I have a dataset, let's say:
emp_id | type | market_cap |
---|---|---|
1 | a | 7.845000e 10 |
2 | b | 6.235000e 10 |
3 | c | NaN |
I have the following class:
class DataCleaner:
def __init__(self, dataf):
"""this is the constructor that initializes the dataframe to be cleaned"""
self.dataf=dataf
def remove_upper_quantile(self, col, quantile_num):
self.dataf=self.dataf[self.dataf[col<self.dataf[col].quantile(quantile_num)]
return self.dataf
def remove_nulls(self, col):
self.dataf=self.dataf.dropna(subset=[col], inplace=True)
return self.dataf
When I call remove_nulls on my df, like so:
clean_company=DataCleaner(df)
df=clean_company.remove_nulls('market_cap')

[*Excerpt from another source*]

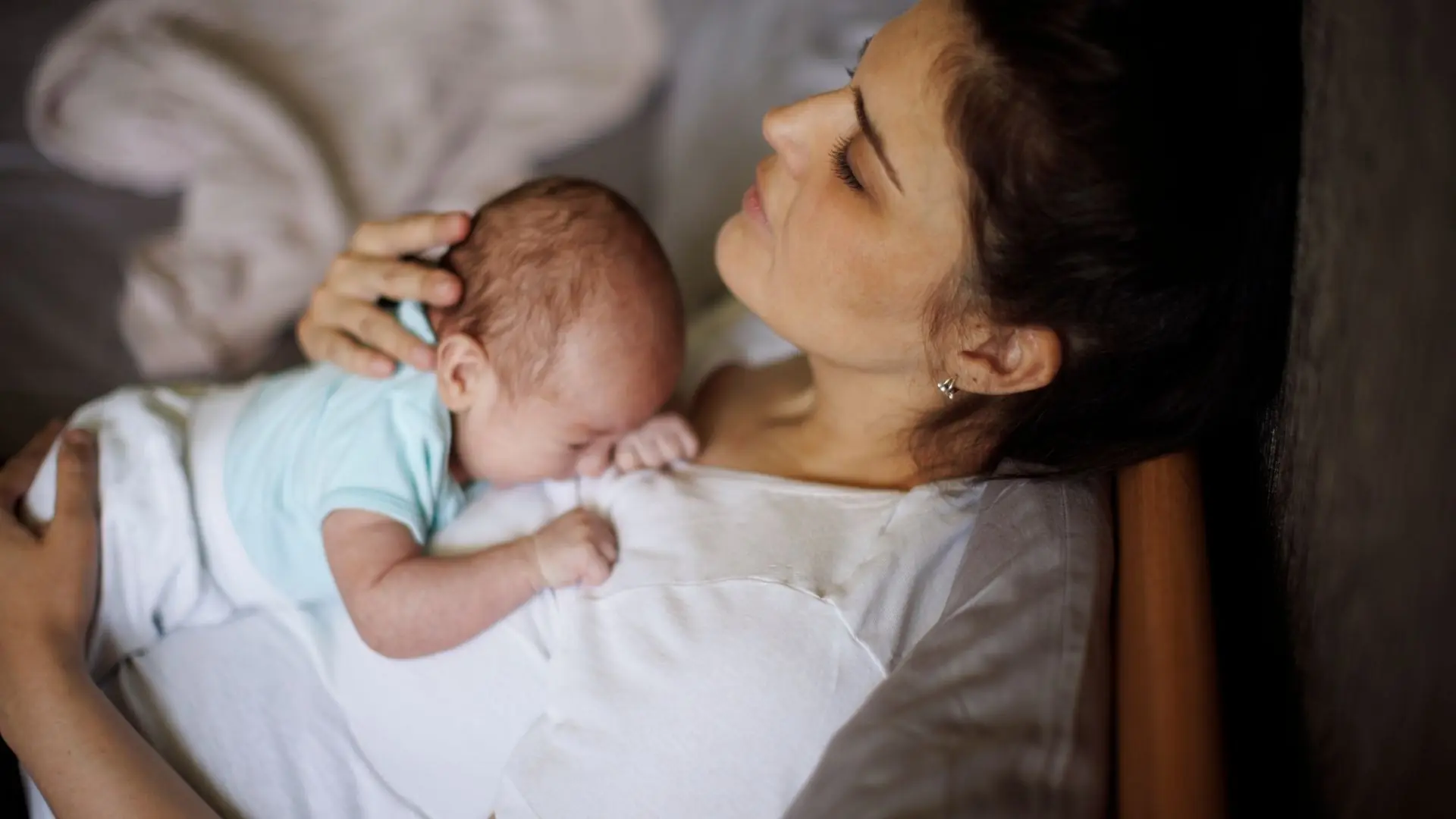 Sau Sinh Vì Sao Nhiều Phụ Nữ Thấy Má Hóp Rõ Hơn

I get the following: AttributeError: 'NoneType' object has no attribute 'dropna'.
This also happens when I don't assign df to the result.
What am I doing wrong here?
CodePudding user response:
- The base must be in the dataframe.
- To delete a column, use: df.pop('market_cap')
CodePudding user response:
You need to remove the inplace = True
keyword argument within this method call:
def remove_nulls(self, col):
self.dataf=self.dataf.dropna(subset=[col], inplace=True)
return self.dataf
Looking at the documentation for the df.dropna
method, you can see that when inplace=True
the method will return None
, rather than the dataframe.
You could, alternatively, just remove the self.dataf=
component of that line and just have self.dataf.dropna(subset=[col], inplace=True)
as that will drop the na
s "inplace" and change the dataframe without you needing to overwrite it.